The Art of Data Science: Chapter Ten
Hello
Welcome back. I don't know if someone enterprising among you has taken to analysing the frequency with which I send out this newsletter. But we have plodded along and have now hit double digits. I take this opportunity to thank you for all the support and encouragement. Do keep the feedback coming. Also I'm open to suggestions on what you want me to write about.
High Dimensional Data Analysis
Ever since I started analysing data for a living around the beginning of this decade, I've mostly dealt with what can be described as "low dimensional data". When I want to try and predict why something is happening, the number of factors that can possibly predict this thing is usually not very high. Mostly in the tens. On a couple of rare occasions it's possibly just about touched a hundred.
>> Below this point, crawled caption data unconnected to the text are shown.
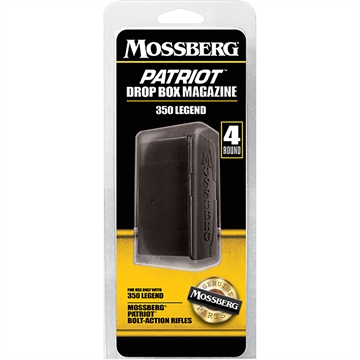 Picture of Mossberg Mossberg Patriot Magazine 350 Legend 4 rd. 95038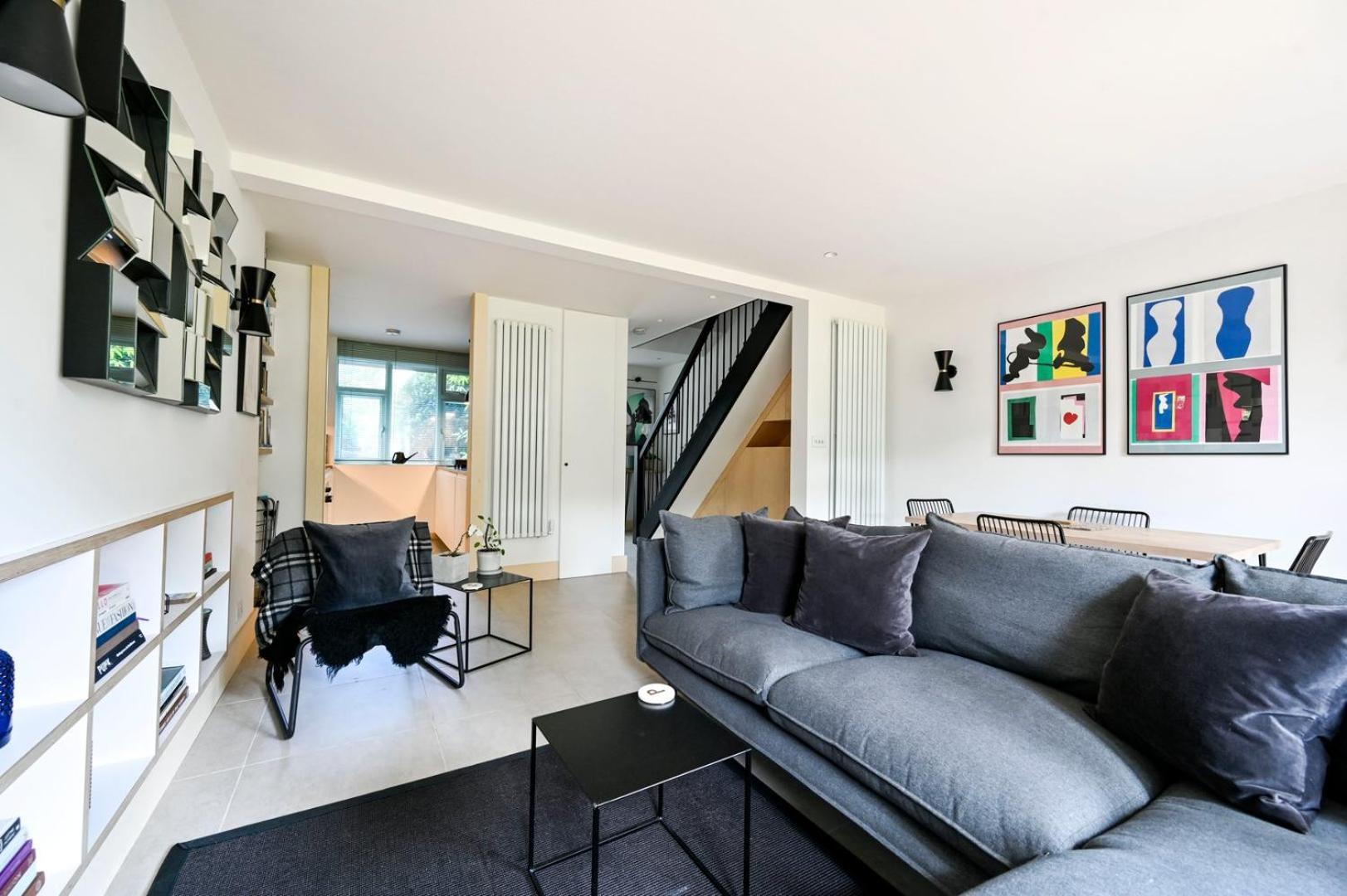 Guestready - Bold Modernity Near Kennington Park Appartement Londen Buitenkant foto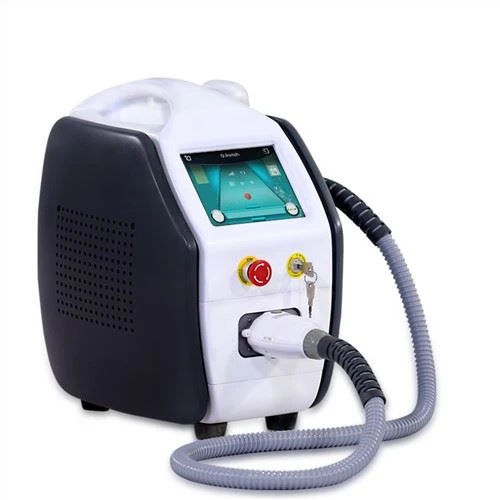 Carbon Laser Peeling Laser Q Swiched Stroj za uklanjanje tetovaža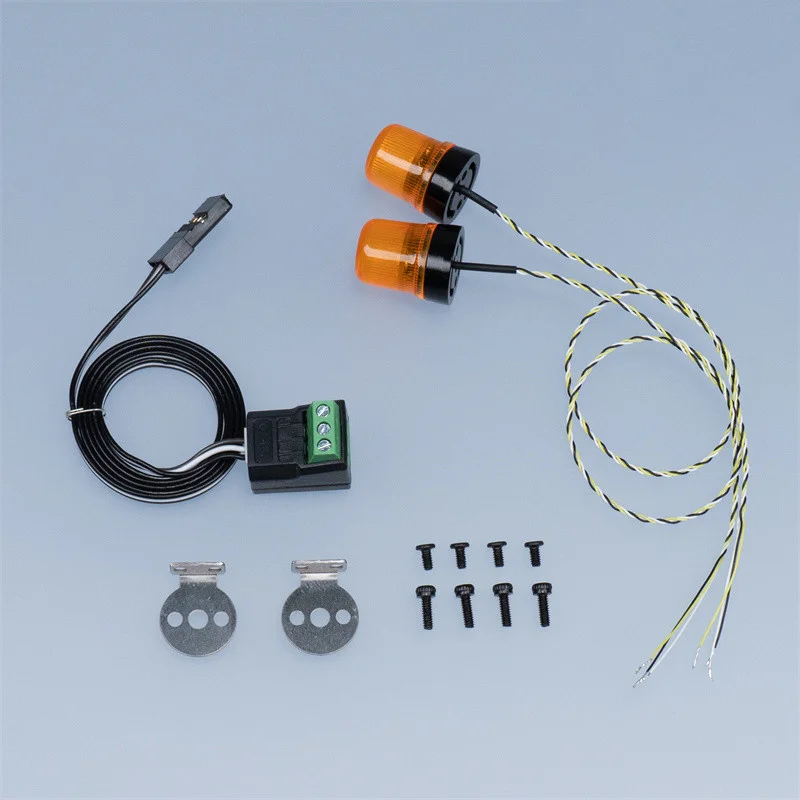 1/14 Scale RC Truck LED Lighting Set 7 1/14 Scale RC Truck LED Lighting Set - Image 7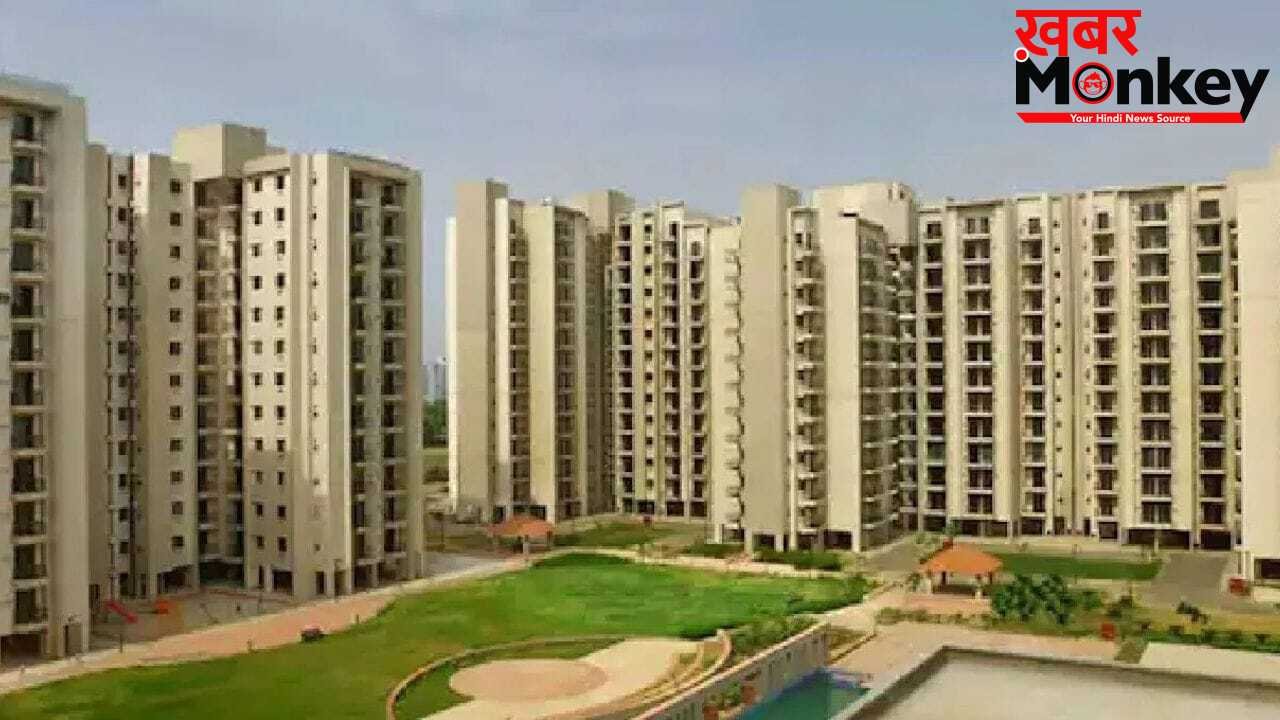 5 टावर, 1392 फ्लैट्स और मॉडर्न सुविधाएं… लखनऊ में LDA लेकर आया नया हाउसिंग प्रोजेक्ट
That has primarily been the case because of the problems I'd been choosing to work on - problems that directly had to do with business - optimising sales, pricing, customer service, etc. Typically even when I started off with a large number of possible predictors, finally only a small handful would turn out to be significant.
The good thing about having a small number of possible predictors is that you can afford to use some human intelligence in dealing with them. You can visually inspect the data for correlations, throw out variables that don't make sense and make the right transformations if necessary. You look at the "physical meaning" of any correlations to make sure they're not spurious. You make sure that the results of your analysis can be scrutinised and validated by a human (I've found clients taking immense comfort in the fact that they could "understand my models" (despite not necessarily getting the maths)).
Consequently I've grown suspicious of claims that companies use "thousands of variables" to make computer-aided decisions on business problems. I've wondered about whether those models actually make sense and if anyone understands them. I've wondered about spurious correlations, and biases. To me, it has all seemed like this XKCD cartoon about "stirring the pile" (I never tire of quoting this).
So I got thrown out of my comfort zone recently at work when I had to deal with a dataset very unlike the sort I've been used to. Firstly, it had a large number of dimensions, meaning stuff like visual inspection and logic became meaningless. What was more disconcerting for me was that not only was the dimensionality large, but the individual factors made no sense whatsoever. There was no way but to give up on my insistence of understanding the data, understanding the models, check for spurious correlations, etc. Pile-stirring was the only way out!
And if you think about it, a lot of the "conventional machine learning" kind of problems belong to this class - stuff like image recognition, speech processing, text processing, etc. And when people who have one of these as "home domains" move over to generic data science (true of most technical people from non-CS backgrounds who move to data science), it is natural that they bring with them the black-box approach to solving problems.
More on R and Python
This has, and will be, a recurring theme in my newsletter. I continue to use Python at work, and R elsewhere. A couple of insights for this edition of the newsletter:
1. I'm yet to make complete peace with visualisation in Python. R's GGplot has spoilt me with its flexibility, beauty and consistency of formatting. A couple of editions back I'd linked to this hilarious take on plotting in python. The only thing that's changed since then is that I've become okay with writing the incredibly verbose text that goes with creating graphs using matplotlib.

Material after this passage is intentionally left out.